Further underscoring the risk to taxpayers is the fact that the Congressional Budget Office estimated that nuclear utility companies will default on loans for new reactors 50 percent of the time.
This, combined with the fact that nuclear utilities have no way to safely store or dispose of the hundreds of tons of highly radioactive waste generated by reactors, makes nuclear power simply too risky to pursue.
The Department of Energy maintains that the “conditionality” of the loans will mitigate the risk to taxpayers. Loans would not be granted until applicants receive a construction and operating license from the Nuclear Regulatory Commission (NRC). But a license does not ensure the success of a nuclear project. On the contrary, in the 1970s and 1980s, the nuclear industry promised to free us from foreign oil and provide energy so inexpensive it would be “too cheap to meter.” But years of construction delays saddled ratepayers with billions of dollars in cost overruns, making nuclear power the biggest energy boondoggle in history.
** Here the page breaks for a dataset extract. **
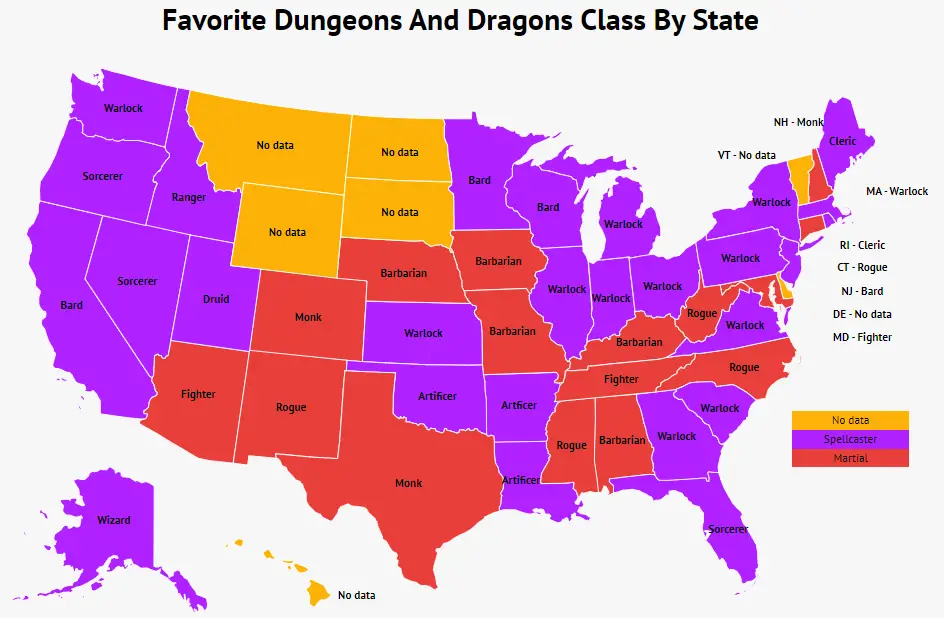 Favorite DnD Class By State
Half of all nuclear projects that were on the drawing board during that first wave of nuclear development were scrapped; 21 of those reactors were cancelled during construction, 22 were cancelled after licensing but before construction, and one plant was fully built but never operated.
The inability to project true construction costs and timelines coupled with regulatory issues that plagued the nuclear industry in the past have not been resolved. Not only is the final price tag for Southern Company’s two new reactors unknown, but the reactor design that has been tapped for federal backing, the Westinghouse AP1000, has yet to receive design certification from the NRC. In fact, the latest delay in the AP1000 certification process is due to the reactor’s inability to meet critical safety requirements. The NRC has grave doubts as to whether the protective structure of the APt000 nuclear reactor can withstand hurricanes, earthquakes, tornadoes and the impact of a commercial airliner, as required by the NRC’s regulations.
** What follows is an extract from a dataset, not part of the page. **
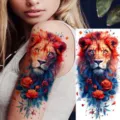Watercolor lion and rose tattoo sticker for arm and leg, vibrant temporary body art design. - NZ1215 / 19.8x9.6CM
Rather than hand over scarce public resources to Southern Company so it can pursue a proven financial failure like nuclear power, the government should scrap the loan guarantee program and instead develop and deploy small-scale renewable energy sources such as rooftop solar, wind and geothermal. The government also should offer incentives for people to retrofit homes and small businesses with energy-efficiency technologies. Such investments would not only eliminate the security and safety risks posed by nuclear power but would allow investment to flow directly to families and small businesses, instead of only big, politically connected corporations.